Comment on draft PEP for deprecating six builtins

Raymond Hettinger python at rcn.com
Mon Apr 29 03:42:03 EDT 2002


"Alex Martelli" <aleax at aleax.it>
> There are other obvious incompatibilities between math.pow and builtin
pow:
>
> >>> math.pow(2,3)
> 8.0
> >>> pow(2,3)
> 8

That's a problem whether or not this proposal is adopted.
Like 'open' in the os module, 'pow' is a high risk candidate from for being
clobbered by a 'from math import *'.

> But I double the suitable module is math, as this would
> introduce further incompatibilities one way or another.  Module operator
> might be most appropriate for both pow and divmod.

Good point.  I'll revise accordingly.

> I think a finer-grained mechanism might be preferable, and handled by
> site.py / siteconfigure.py, perhaps, much like today are handles such
> issues as sys.path normalization, and Unicode default-encoding.  The
> former may be a more successful example than the latter, so maybe the
> need might be best approached via an extension to the parsing and
> handling of .PTH files.
>
> Right now, .PTH files handle importing and path-setting needs of
> installed packages.  Having them handle such packages' builtins-needs
> as well seems a minor extension.  Should this slow start-up too much,
maybe
> some modest acceleration could be provided e.g. by sys.whatever helper
> functions.  No objections to a PYTHONBUILTINS equivalent of PYTHONPATH,
> in addition, for off-the-cuff needs.  Dunno 'bout the proposed flag: a
> binary on/off switch seems too coarse-grained to be useful.

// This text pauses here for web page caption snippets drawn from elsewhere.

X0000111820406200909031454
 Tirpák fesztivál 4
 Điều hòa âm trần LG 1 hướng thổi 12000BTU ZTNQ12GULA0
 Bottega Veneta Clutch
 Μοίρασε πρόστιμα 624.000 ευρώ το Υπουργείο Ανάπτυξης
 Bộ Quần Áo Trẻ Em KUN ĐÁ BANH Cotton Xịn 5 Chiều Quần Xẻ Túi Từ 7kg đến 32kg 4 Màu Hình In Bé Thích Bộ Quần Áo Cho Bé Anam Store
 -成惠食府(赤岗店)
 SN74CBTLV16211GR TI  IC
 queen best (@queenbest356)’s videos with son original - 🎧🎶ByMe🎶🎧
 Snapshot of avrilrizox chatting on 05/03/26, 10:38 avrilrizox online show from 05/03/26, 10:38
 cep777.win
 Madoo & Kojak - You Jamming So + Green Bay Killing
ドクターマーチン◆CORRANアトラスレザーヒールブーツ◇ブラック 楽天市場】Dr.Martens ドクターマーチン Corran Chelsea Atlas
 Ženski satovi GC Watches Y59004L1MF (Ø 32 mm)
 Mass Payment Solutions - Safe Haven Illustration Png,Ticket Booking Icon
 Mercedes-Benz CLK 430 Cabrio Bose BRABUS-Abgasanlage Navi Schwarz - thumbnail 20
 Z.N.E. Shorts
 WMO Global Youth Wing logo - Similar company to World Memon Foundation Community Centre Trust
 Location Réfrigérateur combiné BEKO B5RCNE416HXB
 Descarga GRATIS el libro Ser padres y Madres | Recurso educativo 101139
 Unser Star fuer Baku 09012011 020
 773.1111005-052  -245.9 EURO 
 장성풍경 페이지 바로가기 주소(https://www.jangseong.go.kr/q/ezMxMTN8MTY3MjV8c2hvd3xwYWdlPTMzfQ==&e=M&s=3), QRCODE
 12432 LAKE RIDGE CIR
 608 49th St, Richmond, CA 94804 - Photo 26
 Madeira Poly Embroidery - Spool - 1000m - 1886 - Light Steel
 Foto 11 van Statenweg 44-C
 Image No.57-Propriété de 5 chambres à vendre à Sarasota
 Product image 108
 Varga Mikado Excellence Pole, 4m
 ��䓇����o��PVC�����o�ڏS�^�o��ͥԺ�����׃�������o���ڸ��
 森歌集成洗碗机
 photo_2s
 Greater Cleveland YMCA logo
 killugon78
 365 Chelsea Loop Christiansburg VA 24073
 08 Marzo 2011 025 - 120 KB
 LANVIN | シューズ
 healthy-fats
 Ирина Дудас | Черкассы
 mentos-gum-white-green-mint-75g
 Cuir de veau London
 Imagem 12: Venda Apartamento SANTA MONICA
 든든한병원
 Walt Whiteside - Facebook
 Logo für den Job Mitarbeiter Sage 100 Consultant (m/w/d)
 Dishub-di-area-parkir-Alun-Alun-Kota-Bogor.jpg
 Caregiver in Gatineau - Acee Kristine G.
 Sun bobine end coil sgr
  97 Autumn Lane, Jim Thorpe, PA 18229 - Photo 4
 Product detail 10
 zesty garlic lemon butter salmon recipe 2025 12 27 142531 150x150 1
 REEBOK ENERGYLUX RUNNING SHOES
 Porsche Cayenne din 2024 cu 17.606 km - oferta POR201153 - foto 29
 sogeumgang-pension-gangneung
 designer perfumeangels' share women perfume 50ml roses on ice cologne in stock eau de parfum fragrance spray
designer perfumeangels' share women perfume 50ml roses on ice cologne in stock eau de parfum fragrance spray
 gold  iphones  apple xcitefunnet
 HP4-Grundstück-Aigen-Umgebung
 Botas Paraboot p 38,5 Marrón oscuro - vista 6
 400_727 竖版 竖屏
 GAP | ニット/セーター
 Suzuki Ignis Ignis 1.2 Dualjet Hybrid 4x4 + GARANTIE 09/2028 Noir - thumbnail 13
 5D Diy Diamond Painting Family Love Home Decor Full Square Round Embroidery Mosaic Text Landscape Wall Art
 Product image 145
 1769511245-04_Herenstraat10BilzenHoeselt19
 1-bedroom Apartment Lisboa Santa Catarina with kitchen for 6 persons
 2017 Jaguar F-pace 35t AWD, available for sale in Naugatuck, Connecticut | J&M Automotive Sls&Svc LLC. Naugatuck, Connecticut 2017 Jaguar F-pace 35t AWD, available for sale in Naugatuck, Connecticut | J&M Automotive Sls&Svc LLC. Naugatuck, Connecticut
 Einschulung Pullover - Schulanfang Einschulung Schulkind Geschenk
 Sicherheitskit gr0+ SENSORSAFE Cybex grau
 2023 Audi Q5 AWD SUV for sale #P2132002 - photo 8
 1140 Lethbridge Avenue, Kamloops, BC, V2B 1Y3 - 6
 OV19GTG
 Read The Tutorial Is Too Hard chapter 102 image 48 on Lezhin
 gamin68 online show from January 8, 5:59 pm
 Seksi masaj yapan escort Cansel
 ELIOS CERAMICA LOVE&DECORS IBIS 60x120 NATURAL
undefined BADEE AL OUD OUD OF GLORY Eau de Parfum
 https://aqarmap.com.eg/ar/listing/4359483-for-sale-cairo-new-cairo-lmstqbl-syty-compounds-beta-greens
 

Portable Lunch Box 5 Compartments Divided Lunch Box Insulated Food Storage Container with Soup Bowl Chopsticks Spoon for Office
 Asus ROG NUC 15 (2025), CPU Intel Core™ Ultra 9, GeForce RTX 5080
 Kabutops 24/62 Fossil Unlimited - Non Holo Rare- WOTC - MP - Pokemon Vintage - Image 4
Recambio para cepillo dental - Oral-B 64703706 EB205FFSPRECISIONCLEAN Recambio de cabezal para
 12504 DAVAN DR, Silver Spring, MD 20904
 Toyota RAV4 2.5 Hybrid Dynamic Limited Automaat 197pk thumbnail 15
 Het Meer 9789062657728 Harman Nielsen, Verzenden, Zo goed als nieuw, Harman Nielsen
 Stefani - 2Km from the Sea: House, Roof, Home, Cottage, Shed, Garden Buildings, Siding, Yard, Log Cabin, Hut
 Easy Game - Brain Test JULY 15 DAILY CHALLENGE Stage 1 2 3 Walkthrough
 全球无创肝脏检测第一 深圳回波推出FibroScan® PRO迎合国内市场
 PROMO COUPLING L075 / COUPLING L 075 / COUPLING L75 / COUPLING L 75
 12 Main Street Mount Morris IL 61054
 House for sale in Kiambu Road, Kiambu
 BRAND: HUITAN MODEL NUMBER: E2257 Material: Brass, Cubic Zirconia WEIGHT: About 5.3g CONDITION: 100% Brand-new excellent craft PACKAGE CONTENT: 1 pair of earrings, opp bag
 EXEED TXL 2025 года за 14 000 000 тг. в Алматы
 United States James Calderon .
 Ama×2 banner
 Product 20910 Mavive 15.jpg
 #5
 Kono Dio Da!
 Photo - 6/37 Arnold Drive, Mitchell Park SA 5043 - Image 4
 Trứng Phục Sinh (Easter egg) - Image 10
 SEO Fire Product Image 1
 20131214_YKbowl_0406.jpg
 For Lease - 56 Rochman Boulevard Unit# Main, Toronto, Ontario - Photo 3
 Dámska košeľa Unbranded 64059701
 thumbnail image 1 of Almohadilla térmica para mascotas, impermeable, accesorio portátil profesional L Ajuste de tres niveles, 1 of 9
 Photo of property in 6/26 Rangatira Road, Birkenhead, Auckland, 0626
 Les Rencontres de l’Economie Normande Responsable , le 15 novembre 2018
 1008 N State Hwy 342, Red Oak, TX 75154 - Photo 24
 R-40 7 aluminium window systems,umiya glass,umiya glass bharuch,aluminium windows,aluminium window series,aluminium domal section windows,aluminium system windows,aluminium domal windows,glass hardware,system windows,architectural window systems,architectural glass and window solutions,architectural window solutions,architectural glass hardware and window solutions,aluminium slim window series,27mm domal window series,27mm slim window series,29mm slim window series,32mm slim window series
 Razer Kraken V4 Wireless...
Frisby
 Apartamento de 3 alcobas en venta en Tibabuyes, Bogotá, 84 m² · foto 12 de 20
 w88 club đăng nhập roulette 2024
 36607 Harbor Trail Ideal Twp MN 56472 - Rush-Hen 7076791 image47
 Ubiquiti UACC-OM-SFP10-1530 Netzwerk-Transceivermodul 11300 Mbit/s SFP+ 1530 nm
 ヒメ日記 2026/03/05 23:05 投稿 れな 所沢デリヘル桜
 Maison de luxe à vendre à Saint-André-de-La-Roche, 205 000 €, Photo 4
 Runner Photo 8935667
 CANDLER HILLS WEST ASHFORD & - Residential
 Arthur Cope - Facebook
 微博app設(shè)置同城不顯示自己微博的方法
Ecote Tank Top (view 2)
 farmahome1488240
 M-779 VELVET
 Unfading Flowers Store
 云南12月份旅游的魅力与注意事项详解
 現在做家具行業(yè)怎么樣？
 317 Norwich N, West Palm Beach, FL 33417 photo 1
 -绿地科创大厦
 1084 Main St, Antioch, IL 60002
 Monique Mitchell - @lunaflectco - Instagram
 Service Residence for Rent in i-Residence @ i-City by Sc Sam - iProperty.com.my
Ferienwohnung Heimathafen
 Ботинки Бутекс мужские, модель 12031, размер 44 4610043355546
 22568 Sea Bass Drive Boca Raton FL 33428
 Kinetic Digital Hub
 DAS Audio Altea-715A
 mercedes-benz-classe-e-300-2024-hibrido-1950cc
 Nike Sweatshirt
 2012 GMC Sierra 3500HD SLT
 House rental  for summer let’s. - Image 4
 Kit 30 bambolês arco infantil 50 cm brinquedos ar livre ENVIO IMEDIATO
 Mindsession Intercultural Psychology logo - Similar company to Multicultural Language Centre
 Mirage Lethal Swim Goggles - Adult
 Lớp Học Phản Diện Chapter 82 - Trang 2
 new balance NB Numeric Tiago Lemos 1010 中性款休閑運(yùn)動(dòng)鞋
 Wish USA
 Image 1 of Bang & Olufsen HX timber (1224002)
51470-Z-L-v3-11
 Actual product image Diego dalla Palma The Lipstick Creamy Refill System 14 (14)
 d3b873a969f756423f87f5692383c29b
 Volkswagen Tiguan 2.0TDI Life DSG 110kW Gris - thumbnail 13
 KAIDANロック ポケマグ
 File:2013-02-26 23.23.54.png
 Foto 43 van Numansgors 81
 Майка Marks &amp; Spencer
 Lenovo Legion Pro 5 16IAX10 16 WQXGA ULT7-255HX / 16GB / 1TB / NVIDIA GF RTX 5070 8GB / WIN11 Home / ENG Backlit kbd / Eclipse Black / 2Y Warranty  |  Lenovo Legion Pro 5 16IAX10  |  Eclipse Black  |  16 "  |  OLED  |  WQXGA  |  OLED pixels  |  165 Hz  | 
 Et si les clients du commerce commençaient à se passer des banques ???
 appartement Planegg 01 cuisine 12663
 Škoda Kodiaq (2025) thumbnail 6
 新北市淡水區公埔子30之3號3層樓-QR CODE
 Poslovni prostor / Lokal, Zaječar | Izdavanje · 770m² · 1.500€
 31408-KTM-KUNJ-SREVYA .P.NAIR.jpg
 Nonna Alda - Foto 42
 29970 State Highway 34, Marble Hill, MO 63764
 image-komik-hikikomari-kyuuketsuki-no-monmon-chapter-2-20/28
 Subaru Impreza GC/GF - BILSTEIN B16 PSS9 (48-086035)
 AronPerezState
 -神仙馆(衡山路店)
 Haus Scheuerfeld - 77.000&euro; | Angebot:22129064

Agreed.  We need some sort of undeprecate mechanism by the time the
functions disappear (around Py2.6 or so).  Site.py seems like a better
approach than I proposed.

> >     in perpetuity.  Like "from __future__" this mechanism can be used
for
> >     other deprecations, allowing the language to evolve without
> >     accumulating clutter.
>
> Exactly because of such "ongoing needs", the mechanism deserves careful
> design.

Yes!

> No doubt more builtin candidates for deprecation can be proposed.
> Take, for example, 'apply'.  What need does it serve, ever since the
> forms *args and **kwds started applying to actual arguments (i.e., at
> function-call time) as well as to formal arguments (i.e., at function
> definition time)?  I.e., since 2.0 (or 1.6, I don't recall).  Indeed
> that would have been my first candidate for built-in deprecation (also
> for alphabetical reasons:-).
>
> abs, buffer, chr, cmp, coerce, id, intern, oct, ord, are a few others
> that might be worth thinking about in terms of frequency of need --
> they're all needed some of the time, of course, but how often?  Often
> enough to be warranted as built-ins?  I surely use, e.g., map, more
> often than, e.g., cmp, coerce, or id.  Not to mention intern.  So why
> should map go away and the others remain?  This is not meant to be a
> rhetorical question, but to prompt active reflection/discussion/study.

I picked the first six candidates for re-assignment or elimination.
No doubt, there will be others.

Thank you for the insightful comments.  I'll revise the draft accordingly.